I wouldn't expect a big price on the stamp maybe $5-$7, and require it in order to hunt pheasants in the state for those 17-64. Other states such as Minnesota have a pheasant stamp, I think it would be a good thing in Utah and couldn't be a bad thing for sure. Last year with all the released birds or seemed to create excitement again and there were many more hunters afield knowing there were birds to be found.


----------



## Hoopermat (Dec 17, 2010)

The biggest problem the pheasants face is always going to be preditors. Let face it utah has plenty of great habitat but until the preditor population is controlled they don't stand a chance. Now here's an idea. I would support a stamp for pheasants that went into a fund to pay a reward on all preditors. Not just coyote but fox, raccoon, skunk, feral cats, etc


----------



## #1DEER 1-I (Sep 10, 2007)

Hoopermat said:


> The biggest problem the pheasants face is always going to be preditors. Let face it utah has plenty of great habitat but until the preditor population is controlled they don't stand a chance. Now here's an idea. I would support a stamp for pheasants that went into a fund to pay a reward on all preditors. Not just coyote but fox, raccoon, skunk, feral cats, etc


Utahs largest pheasant problem is not predators, it's habitat. Habitat meaning decent winter cover, knee high grasses for nesting, areas where the only cover isn't just a few fence line strips. If you have an entire field that has good habitat rather than one measly strip the predator will be much less effecient in finding a pheasant or their nests. Just because a field has grass in it, doesn't mean it's useful when it's fed off to nearly bare ground at the end of the grazing season heading into winter. Predator control is a temporary non-lasting endevour, habitat acquisitions and improvement are looking towards the future and are sustainable.


----------



## Mr Muleskinner (Feb 14, 2012)

habitat is the problem. South Dakota has more skunks, foxes, racoons and feral cats than you can shake a stick at and they still have plenty of birds.
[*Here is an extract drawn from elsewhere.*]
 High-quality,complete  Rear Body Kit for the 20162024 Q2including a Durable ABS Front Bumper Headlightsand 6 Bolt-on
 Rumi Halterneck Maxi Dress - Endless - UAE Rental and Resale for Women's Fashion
Many of the public places that held birds have been developed or overgrazed to the point that they don't hold many any more. The predators (birds of prey included) then concentrate in the same small areas that birds are at. On top of that what pheasant hunters there are concentrate to these same areas. If you have large areas with excellent cover it gives the birds ample places to hide from predators and hunters alike and increases the chances of survival dramatically.


----------



## Mr Muleskinner (Feb 14, 2012)

want better habitat? better do a long rain dance in this state and shut down grazing or reduce it drastically


----------



## lunkerhunter2 (Nov 3, 2007)

Absolutely not! Until they decide to control the predators (***** and skunks mainly)in a major way you are fighting a loosing battle. Not to mention the private land issue. There are not but a couple dozen roosters on any given WMA. Pheasant hunting is a thing of the distant past unless you have the $15/bird to spend on a farm. Hunt something that isn't a myth like ducks.;-)


----------



## #1DEER 1-I (Sep 10, 2007)

lunkerhunter2 said:


> Absolutely not! Until they decide to control the predators (***** and skunks mainly)in a major way you are fighting a loosing battle. Not to mention the private land issue. There are not but a couple dozen roosters on any given WMA. Pheasant hunting is a thing of the distant past unless you have the $15/bird to spend on a farm. Hunt something that isn't a myth like ducks.;-)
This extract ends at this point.